YOUR TASK: Please print nothing but the lines from the one containing "Usata Peugeot 308" to the final line below, exactly, and no pictures.

PROVIDED INFORMATION:

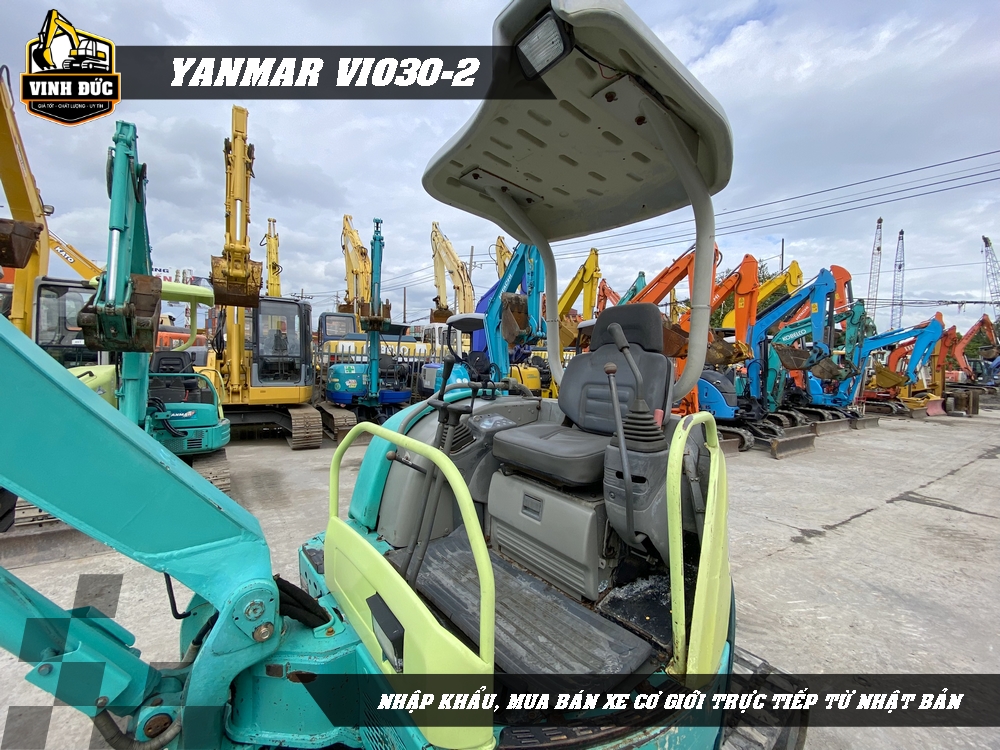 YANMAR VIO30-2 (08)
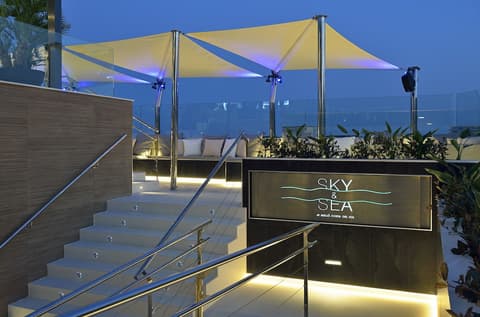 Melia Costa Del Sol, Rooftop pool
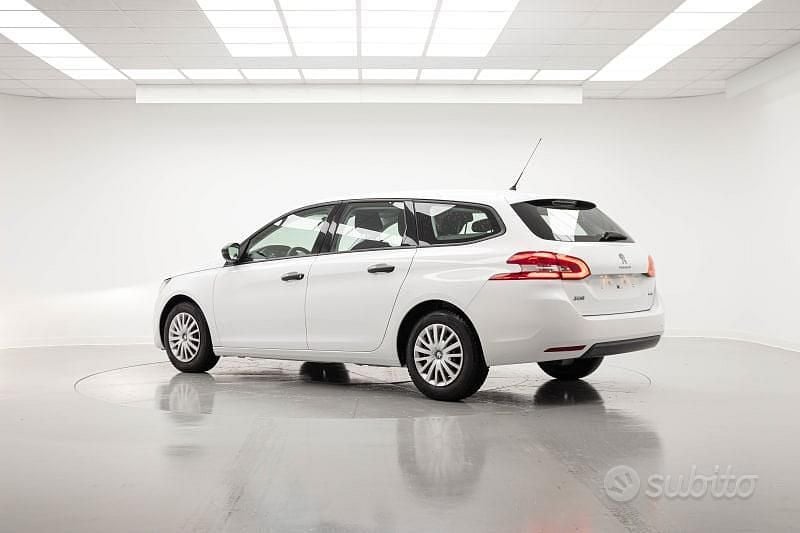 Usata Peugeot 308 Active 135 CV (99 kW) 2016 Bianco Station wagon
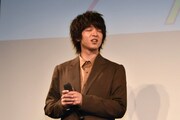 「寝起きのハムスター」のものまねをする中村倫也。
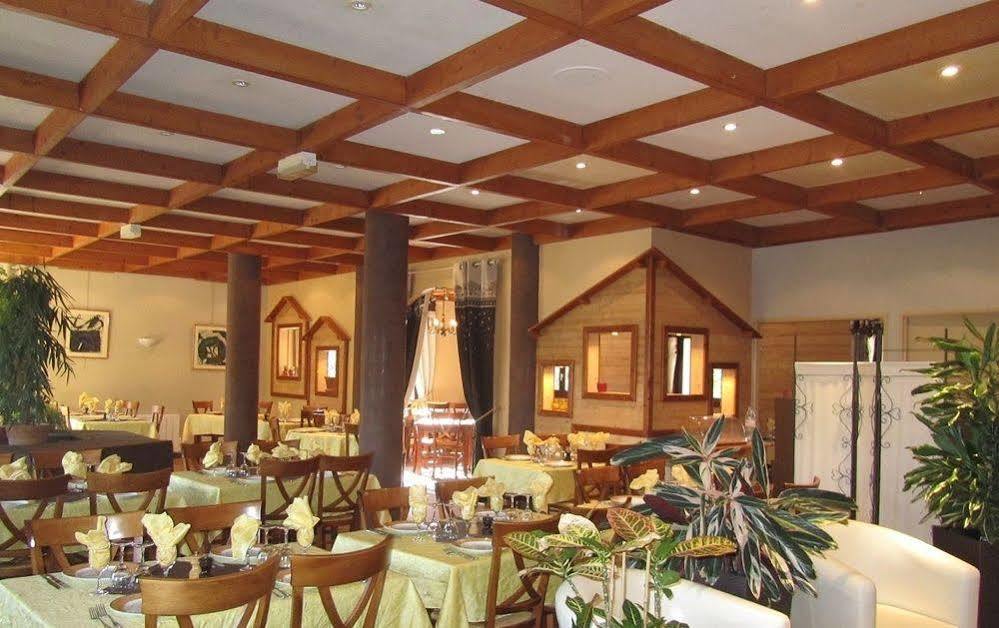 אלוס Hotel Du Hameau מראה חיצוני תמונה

TASK RESULT:
 Usata Peugeot 308 Active 135 CV (99 kW) 2016 Bianco Station wagon
 「寝起きのハムスター」のものまねをする中村倫也。
 אלוס Hotel Du Hameau מראה חיצוני תמונה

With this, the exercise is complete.